Waning Technological Desire

This is an pretty old post from my blog, which has been preserved in case its content is of any interest. You might want to go back to the homepage to see some more recent stuff.

What seems like a long time ago, I blogged about the unrelenting pace of technology and Internet-borne social interaction, and how much I loved it. But that was a February day with the promise of Spring in the near future. Now it is Autumn, and I am not altogether sure I feel the same way.

I’ve thought long and hard about my options now that my phone contract is up for renewal, and the more I consider, the less sure I am - not just of what I want, but of my innate gadget-fetishism as a whole.

My first choice was going to be a Galaxy Tab, but having seen the prices, I’m not sure if it remains a sensible idea. For that money I could have an iPad - I’m typing this post from one and it sure is nice to type on, but everything else Appley would get on my nerves soon enough. Should I just go for an upgrade of my current hardware - the latest and greatest Android phone, rather than trying to split my usage into a separate tablet and dumbphone? Maybe just jack the whole business in and keep internet browsing to my laptop?

My previous post, in which I spent too much of everyone’s time reminiscing about my horrific late-90s website, reminded me of simpler days. Windows 98, Yahoo dialup, AOL Instant Messenger, Netscape Navigator. A big beige box with 32MB of RAM and 1 hour-a-day usage limit imposed by my parents.

Pretty grim by today’s standards. But yet I used AIM to talk to my friends every night, even though I’d seen them at school that day. And now we have Twitter and Facebook and all the rest, and I’ve IMed my own Best Man, someone I lived with for two years, maybe once a year - and most of my other friends less than that.
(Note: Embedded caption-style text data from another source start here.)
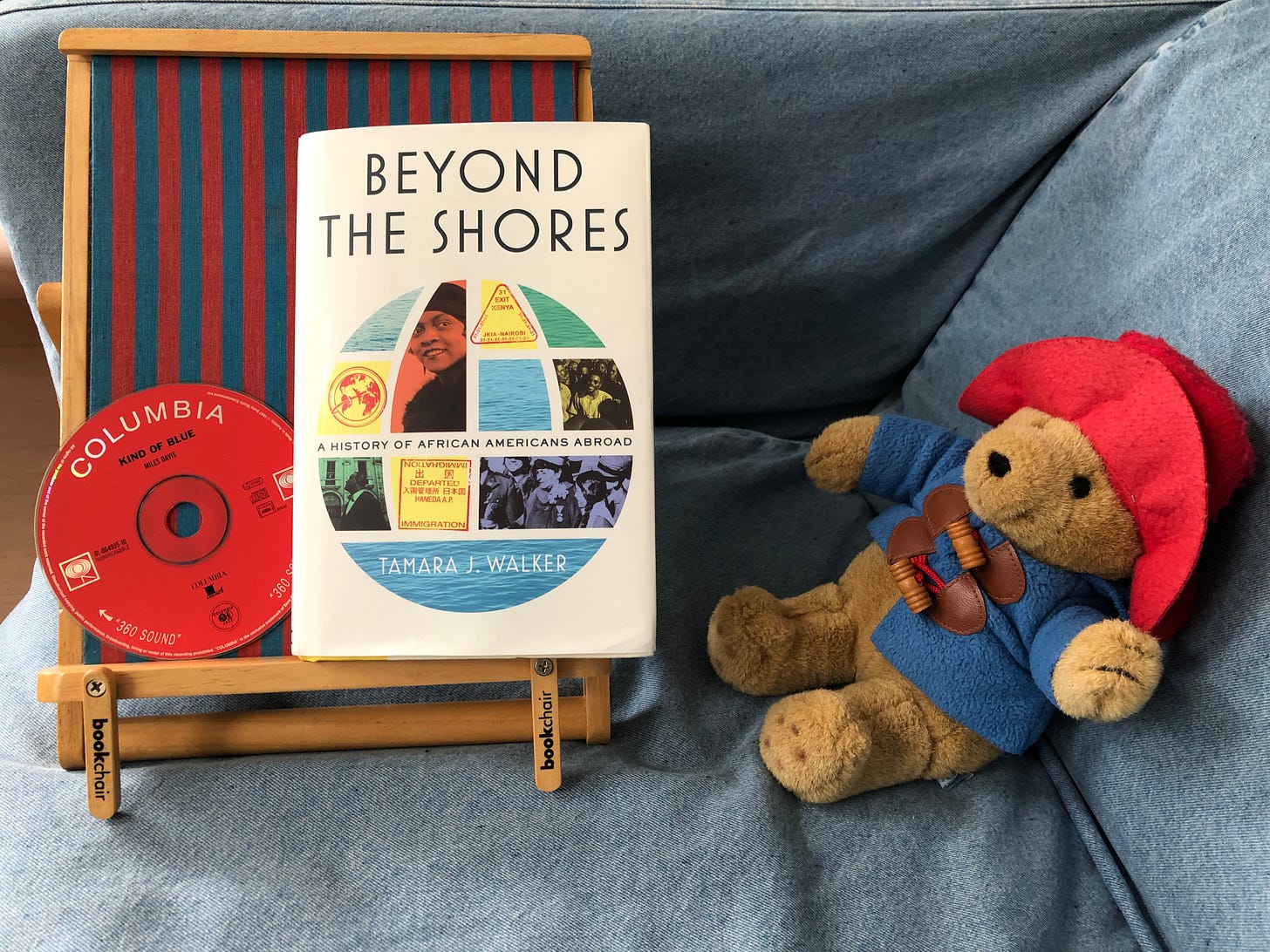 A CD (Miles Davis’s Kind of Blue) and a hardback book (Tamara J. Walker’s Beyond the Shores) sit on a bookchair next to a Paddington Bear teddy bear in a duffle coat and brimmed hat. The ensemble perches on the corner of a couch.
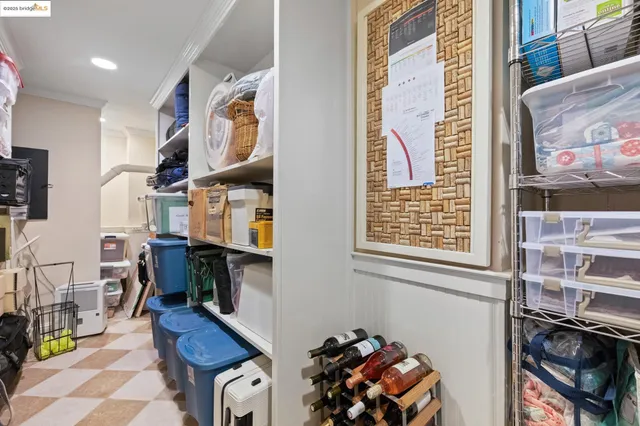 a balcony with furniture and wooden floor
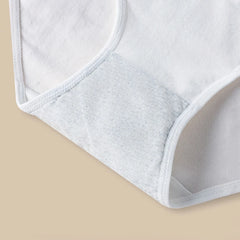 Close-up of a white bra on a beige background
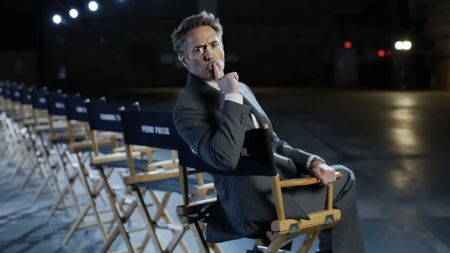 In a director's chair, a grey-suited Robert Downey Jr. shushes the camera as Marvel reveals the Doomsday cast.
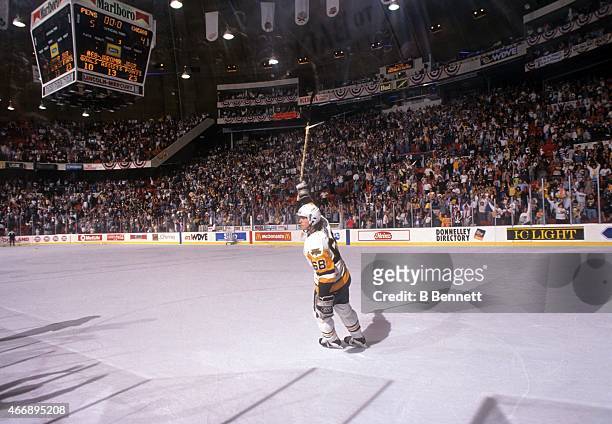 Jaromir Jagr of the Pittsburgh Penguins salutes the fans after Game 1 of the 1992 Stanley Cup Finals against the Chicago Blackhawks on May 26, 1992...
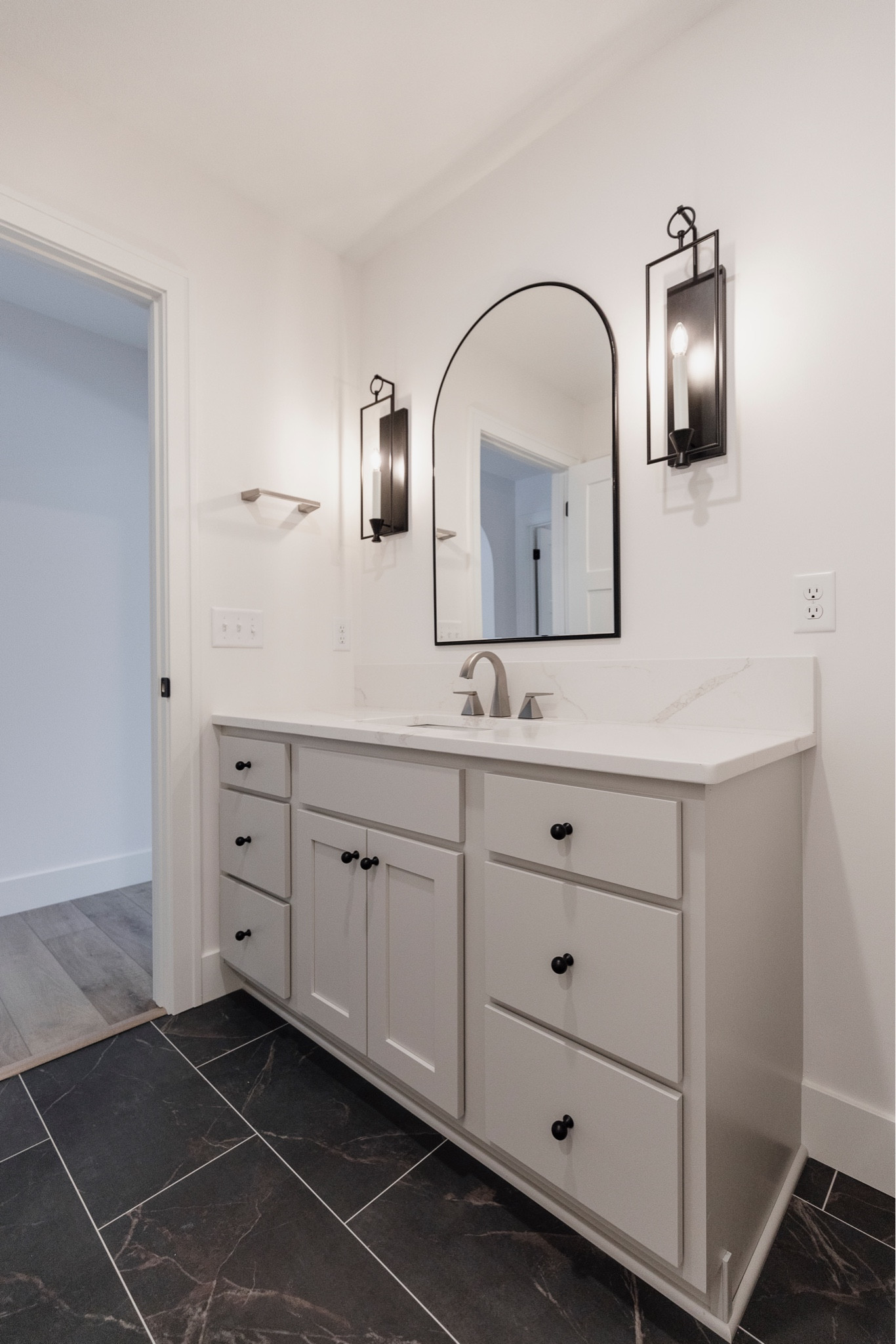 We love using sconces in bathrooms for more interest and character! It takes a little more planning in advance for rough-ins and making sure the sizing/location is accurate, but worth it. We paired it with an arch mirror, pretty quartz top and a contrasting LVT floor to complete this lower level bathroom! 😍

#LTKhome #LTKSpringSale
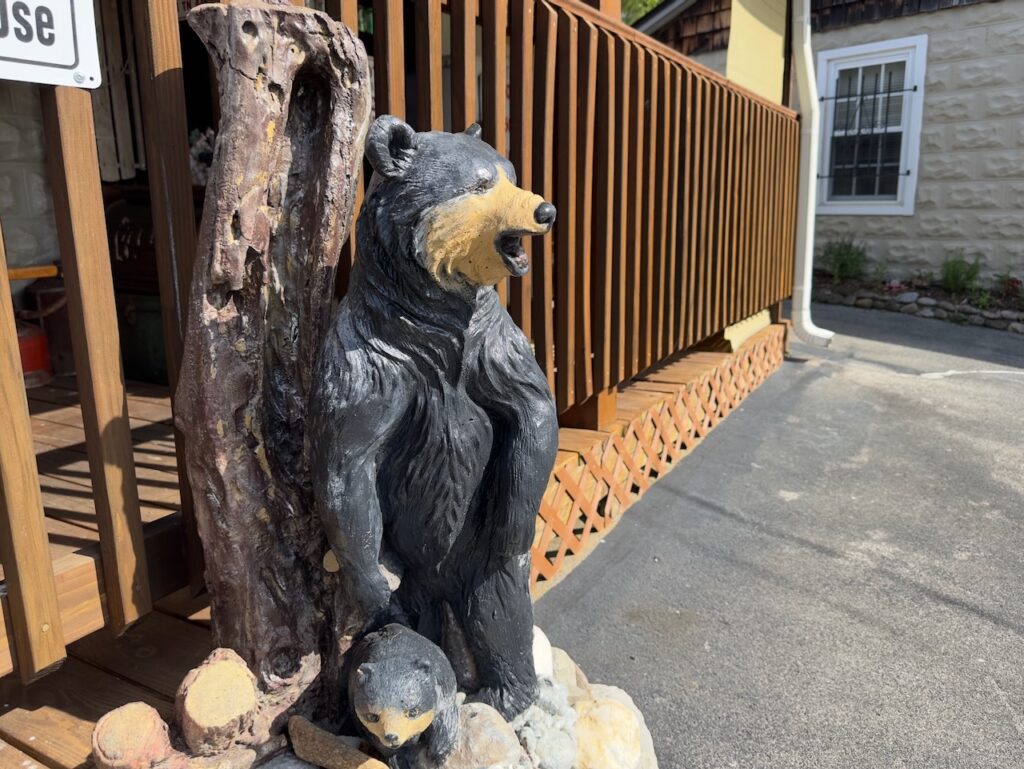 sculpture of a black bear in front of the office at Dock's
I looked at only a few websites a day, in part because they took so long to load, but I was pretty happy with that. These were days a long time before RSS and clearing hundreds of items a day through Google Reader.

For all the grey clicky buttons and emoticons and sneaky IRC sessions behind my parents’ backs, was it maybe just more fun when that’s what the Internet was like? Should I save my money for something other than gadgetry, and hark back to some more innocent age? Or have I got my rose-tinted mirror shades set to maximum, yearning to revive a fake past that I would get bored of within days, separated as I would be from the lightning-fast pulse of technology?